The hearing will take place in the IK-28 female prison colony in Berezniki in the Perm Krai, some 2,000 kilometers southeast of St. Petersburg.

Alyokhina has reportedly encountered particularly harsh conditions in her prison colony, being repeatedly punished for alleged “oversleeping” and confined to a solitary cell. There have also been reports of hostile attitudes toward her from her fellow inmates.

Together with Nadezhda Tolokonnikova and Yekaterina Samutsevich, Alyokhina was sentenced to two years in prison for “hooliganism motivated by hatred for a religious group.”

The Kafkaesque trial, which ended in August in Moscow, saw the defendants deprived of food, water and sleep, defense witnesses ejected from the court so that they could not testify, police dogs in the courtroom and the arrests of Pussy Riot supporters outside the court — most infamously that of former world chess champion Garry Kasparov, who was then accused of biting a police officer.

Samutsevich was later released on a suspended sentence.

Tolokonnikova and Alyokhina have been in prison since March 3, 2012, when they were arrested on the eve of the Russian presidential election.

Some see the unusually severe treatment of the band’s members as revenge by Vladimir Putin, whom the band confronted and ridiculed in their performances and videos.

Pussy Riot’s support group has urged people to organize readings, music festivals of support or public events. “Any sharing of information about the lawless imprisonment of Maria is helpful and may persuade the judge to release Maria,” they wrote in a statement.

St.
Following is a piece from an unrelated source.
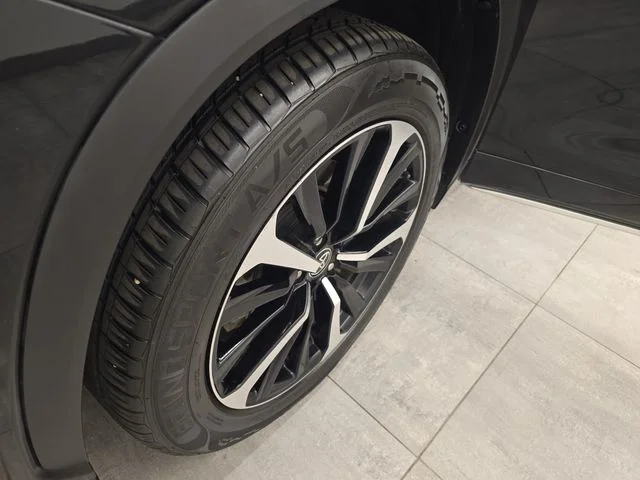 Used 2021 Midnight Black Metallic Toyota XSE image 40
Petersburg’s roundtable will be held at the Center for Independent Social Research at 7 p.m. Wednesday.

One of the topics of discussion will be whether Pussy Riot’s feminism really threatened the Russian constitution, which guarantees equal rights for men and women, as the Moscow court claimed.

[…]

Poster courtesy of Las Piqueteras, a socialist organization for working women. They will be picketing the Russian Federation embassy in Buenos Aires today.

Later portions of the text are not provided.